Data records >>

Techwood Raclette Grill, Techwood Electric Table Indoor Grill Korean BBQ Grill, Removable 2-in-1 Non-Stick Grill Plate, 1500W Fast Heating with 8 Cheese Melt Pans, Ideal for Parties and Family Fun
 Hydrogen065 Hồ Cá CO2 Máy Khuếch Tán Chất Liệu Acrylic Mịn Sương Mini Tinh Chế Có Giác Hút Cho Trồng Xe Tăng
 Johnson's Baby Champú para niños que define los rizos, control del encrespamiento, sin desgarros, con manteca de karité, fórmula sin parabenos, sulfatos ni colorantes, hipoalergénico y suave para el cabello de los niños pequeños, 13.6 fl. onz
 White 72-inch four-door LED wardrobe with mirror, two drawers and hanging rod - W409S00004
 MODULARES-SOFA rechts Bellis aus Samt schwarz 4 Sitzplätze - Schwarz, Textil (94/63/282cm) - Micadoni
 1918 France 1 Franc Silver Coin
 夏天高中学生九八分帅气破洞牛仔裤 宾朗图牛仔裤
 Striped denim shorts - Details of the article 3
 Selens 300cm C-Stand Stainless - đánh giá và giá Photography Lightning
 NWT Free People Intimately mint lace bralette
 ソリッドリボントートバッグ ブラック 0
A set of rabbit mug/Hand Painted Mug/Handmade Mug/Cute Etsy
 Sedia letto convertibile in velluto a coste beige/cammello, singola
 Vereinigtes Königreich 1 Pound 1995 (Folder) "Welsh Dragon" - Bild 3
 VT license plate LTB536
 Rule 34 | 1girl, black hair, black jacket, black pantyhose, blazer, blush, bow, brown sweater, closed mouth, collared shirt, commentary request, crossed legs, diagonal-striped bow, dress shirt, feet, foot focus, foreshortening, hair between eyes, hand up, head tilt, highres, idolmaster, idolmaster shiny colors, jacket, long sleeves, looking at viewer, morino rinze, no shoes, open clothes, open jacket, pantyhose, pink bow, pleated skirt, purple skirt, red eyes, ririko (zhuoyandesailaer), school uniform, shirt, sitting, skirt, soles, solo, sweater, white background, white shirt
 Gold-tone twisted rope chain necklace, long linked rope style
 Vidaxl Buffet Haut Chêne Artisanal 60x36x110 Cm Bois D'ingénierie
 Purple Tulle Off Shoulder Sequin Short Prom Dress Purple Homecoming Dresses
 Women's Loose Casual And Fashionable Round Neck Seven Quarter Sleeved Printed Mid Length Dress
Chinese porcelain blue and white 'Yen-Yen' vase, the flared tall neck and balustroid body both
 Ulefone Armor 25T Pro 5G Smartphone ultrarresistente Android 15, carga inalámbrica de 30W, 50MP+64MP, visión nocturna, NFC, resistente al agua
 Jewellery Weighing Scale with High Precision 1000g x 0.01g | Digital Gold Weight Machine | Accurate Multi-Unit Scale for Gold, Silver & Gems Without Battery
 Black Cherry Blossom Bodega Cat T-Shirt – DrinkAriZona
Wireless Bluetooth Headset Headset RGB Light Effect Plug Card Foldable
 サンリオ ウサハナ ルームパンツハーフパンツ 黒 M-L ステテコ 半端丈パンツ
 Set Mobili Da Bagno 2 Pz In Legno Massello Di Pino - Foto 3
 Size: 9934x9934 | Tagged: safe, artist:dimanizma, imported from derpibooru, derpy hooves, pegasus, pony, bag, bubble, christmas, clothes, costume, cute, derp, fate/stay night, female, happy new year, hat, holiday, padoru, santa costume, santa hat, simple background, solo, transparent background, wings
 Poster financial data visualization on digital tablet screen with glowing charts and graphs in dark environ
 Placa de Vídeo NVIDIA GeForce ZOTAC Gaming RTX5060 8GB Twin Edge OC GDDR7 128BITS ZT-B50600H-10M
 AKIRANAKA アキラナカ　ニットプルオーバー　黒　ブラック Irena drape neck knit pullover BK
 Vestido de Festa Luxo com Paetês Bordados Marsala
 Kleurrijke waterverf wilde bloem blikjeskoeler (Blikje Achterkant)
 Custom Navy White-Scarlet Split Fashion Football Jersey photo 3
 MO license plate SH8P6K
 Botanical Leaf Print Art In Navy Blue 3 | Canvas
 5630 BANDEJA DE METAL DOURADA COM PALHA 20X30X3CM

Task details >> For the listing above, print only the lines starting at the line containing "Women's Loose Casual" and ending at the line containing "Size: 9934x9934 |", exactly, both included.

Task result >>
 Women's Loose Casual And Fashionable Round Neck Seven Quarter Sleeved Printed Mid Length Dress
Chinese porcelain blue and white 'Yen-Yen' vase, the flared tall neck and balustroid body both
 Ulefone Armor 25T Pro 5G Smartphone ultrarresistente Android 15, carga inalámbrica de 30W, 50MP+64MP, visión nocturna, NFC, resistente al agua
 Jewellery Weighing Scale with High Precision 1000g x 0.01g | Digital Gold Weight Machine | Accurate Multi-Unit Scale for Gold, Silver & Gems Without Battery
 Black Cherry Blossom Bodega Cat T-Shirt – DrinkAriZona
Wireless Bluetooth Headset Headset RGB Light Effect Plug Card Foldable
 サンリオ ウサハナ ルームパンツハーフパンツ 黒 M-L ステテコ 半端丈パンツ
 Set Mobili Da Bagno 2 Pz In Legno Massello Di Pino - Foto 3
 Size: 9934x9934 | Tagged: safe, artist:dimanizma, imported from derpibooru, derpy hooves, pegasus, pony, bag, bubble, christmas, clothes, costume, cute, derp, fate/stay night, female, happy new year, hat, holiday, padoru, santa costume, santa hat, simple background, solo, transparent background, wings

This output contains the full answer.